Fue un trabajo muy lindo a lo largo de muchos años. Como ya mencioné, la primera colección del Iberá data de 1971 y el trabajo se publicó en 2002. Así que, imagínese cuánto tiempo anduvimos con ese tema. Y fue un trabajo de equipo, porque cada investigador tiene un tema central de trabajo, y cada técnico una tarea específica a su cargo, pero para “Flora del Iberá” colaboramos todos, toda la gente del instituto participó de alguna manera. Tanto los investigadores como los técnicos, inclusive muchos alumnos hicieron un trabajo importante. Todo está detallado en la “Introducción de la Flora”.

Para mí su valor principal es que es un trabajo local, de nuestra universidad, hecho en Corrientes, por nuestra gente y en equipo. Trabajamos todos unidos para sacar adelante el libro.

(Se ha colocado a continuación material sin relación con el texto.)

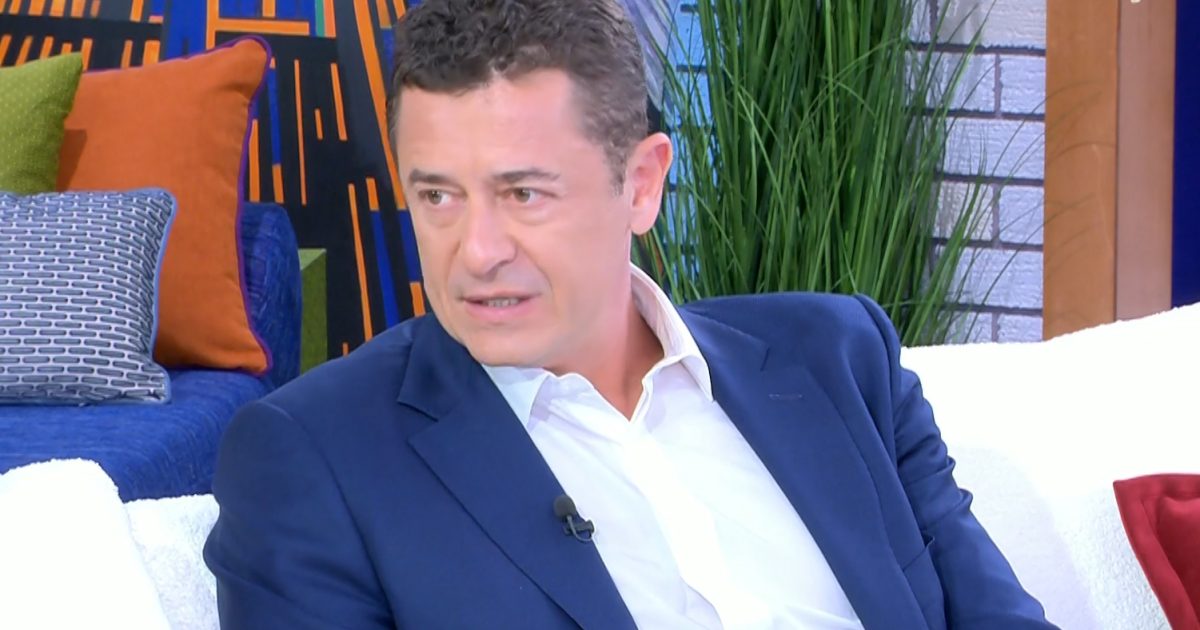 Αντώνης Σρόιτερ για Σία Κοσιώνη: «Είναι αξιοπρεπέστατη η αποχώρησή της»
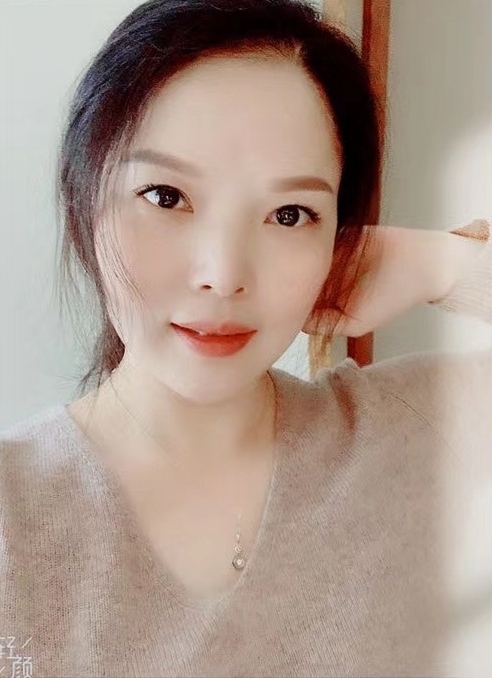 百荷的第一张照片--佛山相亲服务中心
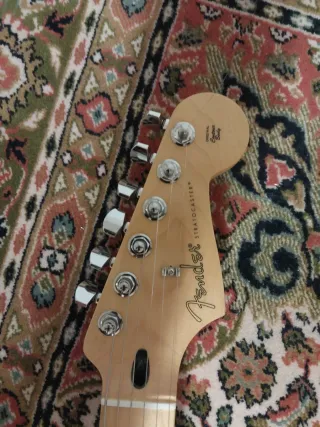 Guitarra Eléctrica Fender Stratocaster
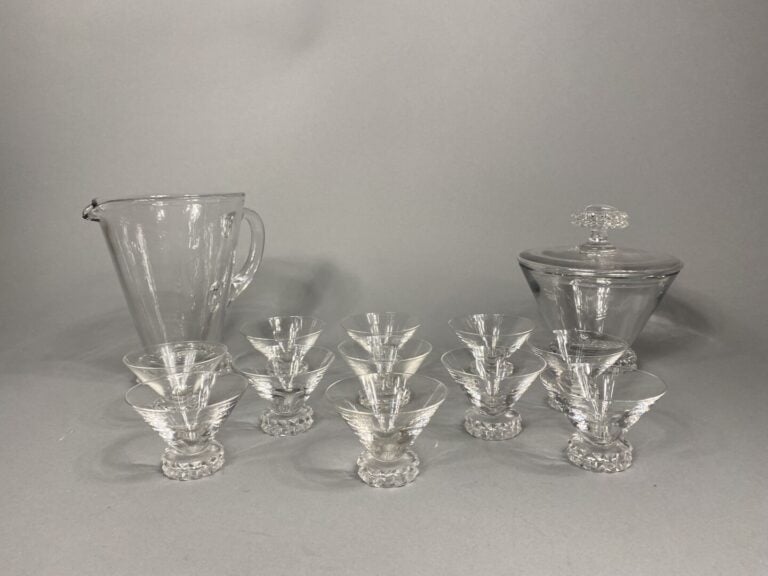 SAINT LOUIS - Partie de service de verres en cristal comprenant onze verres sur…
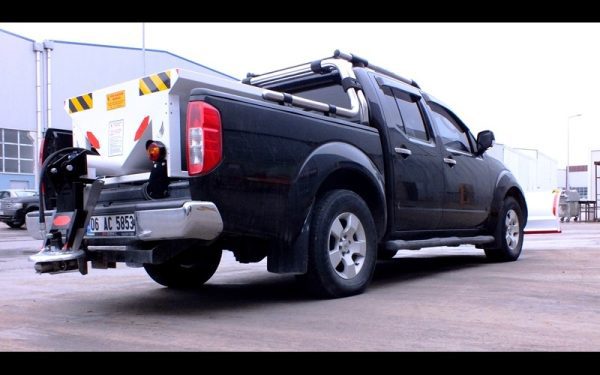 Salt Spreader for Pickup - Image 4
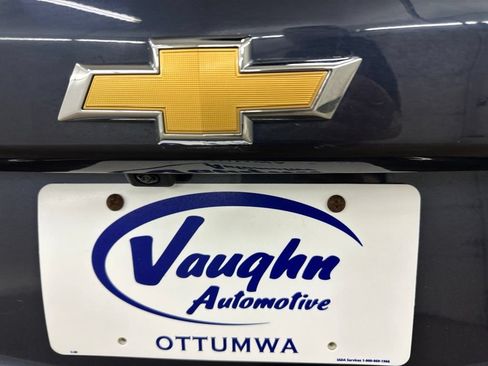Used 2018 Chevrolet Equinox Premier AWD/4WD image 16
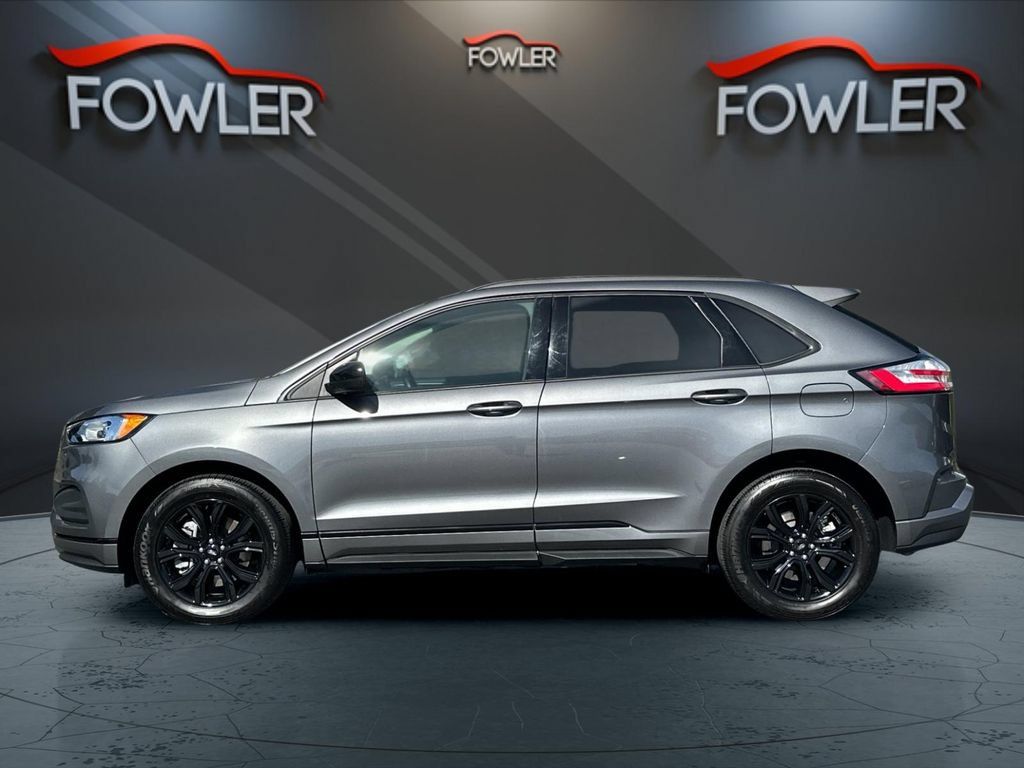 Used 2024 Ford Edge SE w/ Black Appearance Package AWD/4WD image 2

¿Tiene esperanza de que la tierra renazca, después de todo lo que nos pasó con la sequía y los incendios en gran parte de la provincia y del Iberá?

Francamente, estoy rezando con todo mi corazón para que así sea (se emociona). Tengo fe, creo que sí, aunque en este momento los cataclismos climáticos son tremendos. Usted cada día puede leer o mirar en YouTube  los desastres ecológicos, las catástrofes que están ocurriendo en todo el mundo, inundaciones, sequías espantosas, temperaturas extremas, movimientos sísmicos; en fin, el clima está totalmente alterado. Y estamos viviendo ahora el resultado de haber descuidado la tierra, no respetando la naturaleza. Creo que ahora estamos pagando las consecuencias.